A Test Security Breathalyzer?

A Test Security Breathalyzer?

Written by Jamie Mulkey, Vice President

October 30, 2015

The other day, my daughter’s high school sent a notice home, letting parents know they would be using a new breathalyzer tool on each student before they entered the homecoming dance. The purpose of this tool was to detect whether or not a student had consumed alcohol prior to being admitted to the dance. Not only will this tool be able to detect alcohol consumption, but it will also be used to test open drink containers for alcohol content. This breathalyzer is clearly a deterrent for high school students; a warning saying, “Do not drink alcohol. If you do, we will catch you.”

Hmmm, I thought.  I wonder what it would look like if there was a breathalyzer for people who intended to cheat on tests. Would a potential cheater have really bad breath? Would their tongue change color? Could you take a galvanic skin response with this tool as well? For example, the sweatier someone’s palms, the higher indication of cheating. And, would you be able to detect a high confidence level as to whether the person intends to cheat?

While it may not be realistic to test someone’s breath for test taking maleficence, there are prevention and detection mechanisms we can use to deter would-be-cheaters if they knew the likelihood of getting caught was high. For example, your testing program might put a strong candidate agreement in place to formally state the consequences of non-independent test taking and use secure test design strategies to extend the life of your tests. Your testing program might use data forensic analysis to detect aberrant test taking patters of test takers and monitor the web and social media sites for the discussion and sale of your test content.
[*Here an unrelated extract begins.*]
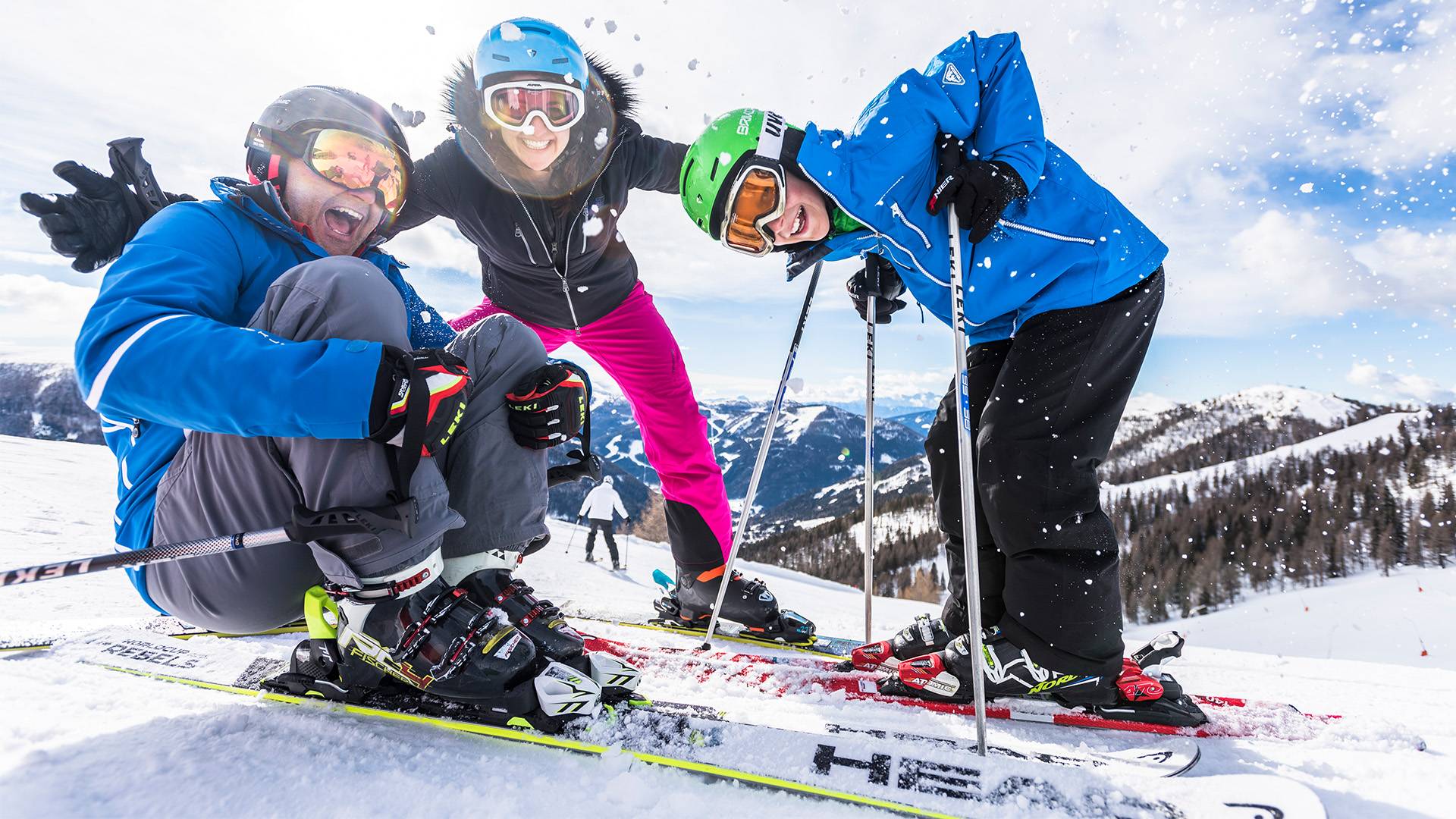 A family of three enjoys the fun on the slopes.
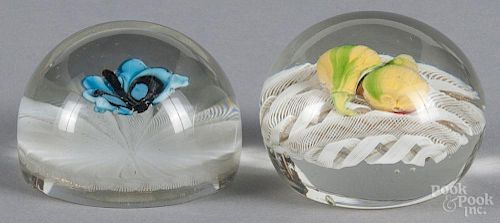 Two glass St. Louis style paperweights, to include a butterfly and pears on latticino grounds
Whichever combination of these tactics you use to secure your testing program, it will be important to communicate these actions to test takers. Much in the same way my daughter’s high school communicated to parents and students about the breathalyzer.
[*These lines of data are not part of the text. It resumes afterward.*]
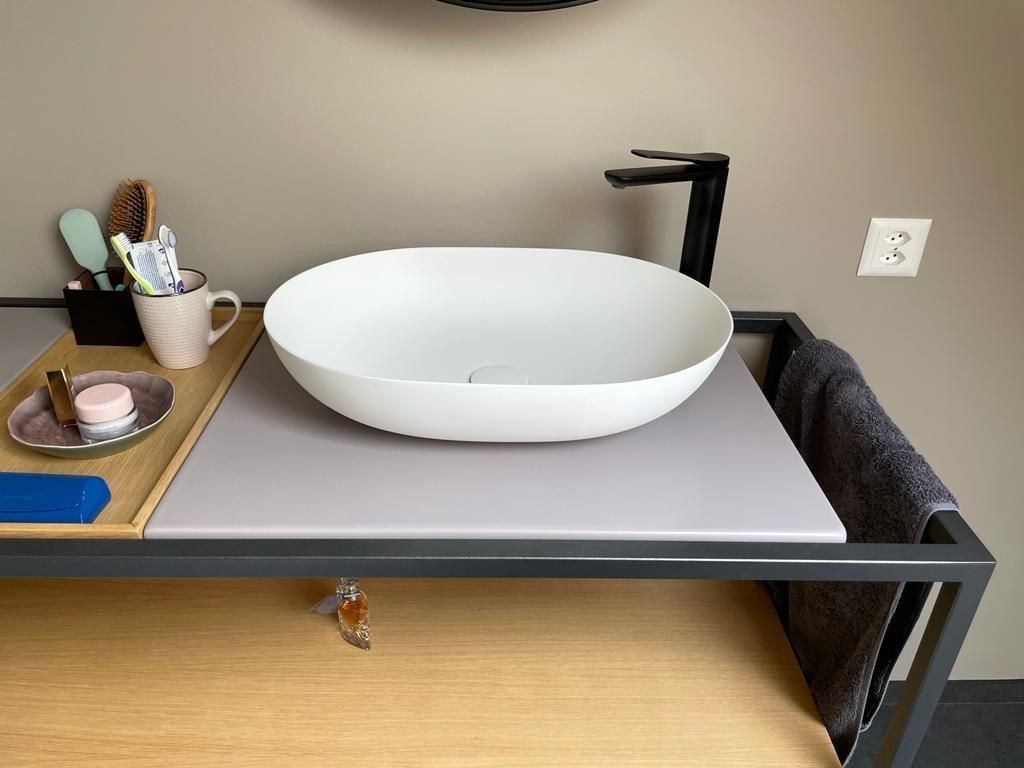 Ein Waschbecken steht auf einer Holzablage.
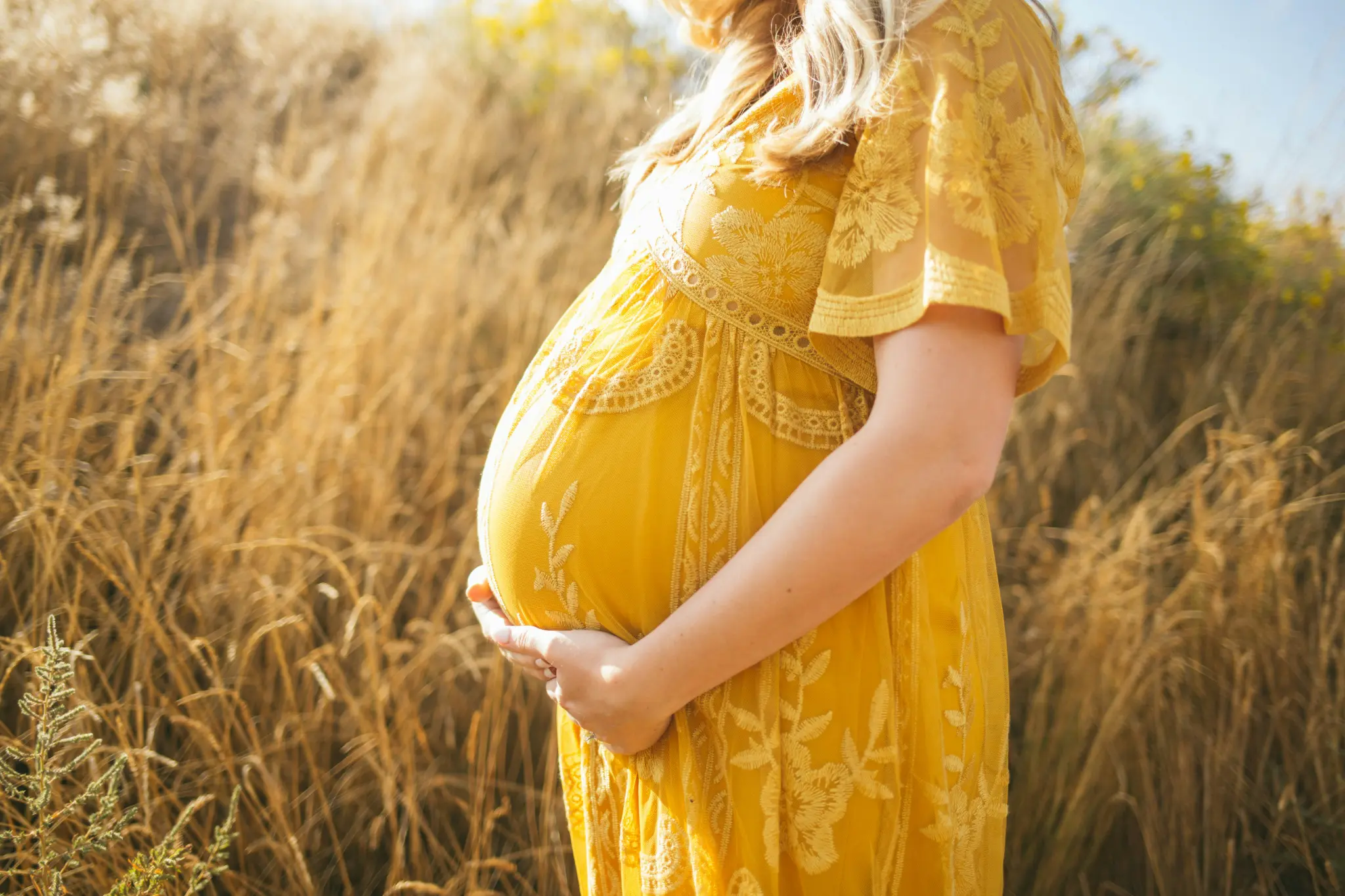 Pregnant woman in calm morning light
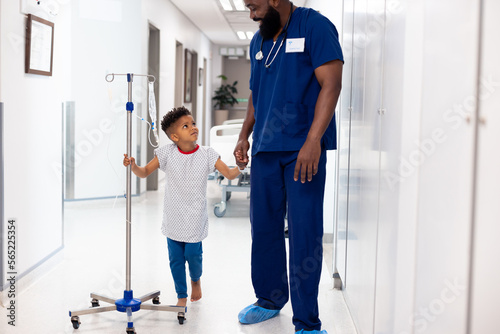 Happy african american male doctor holding hand of boy patient with drip in corridor with copy space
Here are messages for you to consider to help deter test taker wrong doing:

  • We are watching – letting test takers know that there are mechanisms in place to make sure they are taking tests honorably.
  • We are analyzing – using data analytic tools to detect aberrant test taking.
  • We are taking action – invalidating score results or removing participants from a testing program when there is a high confidence level of test taker misconduct.

While a test security breathalyzer may not be available to us in the near future, there are still things we can do to deter bad behavior and communicate that it won’t be tolerated.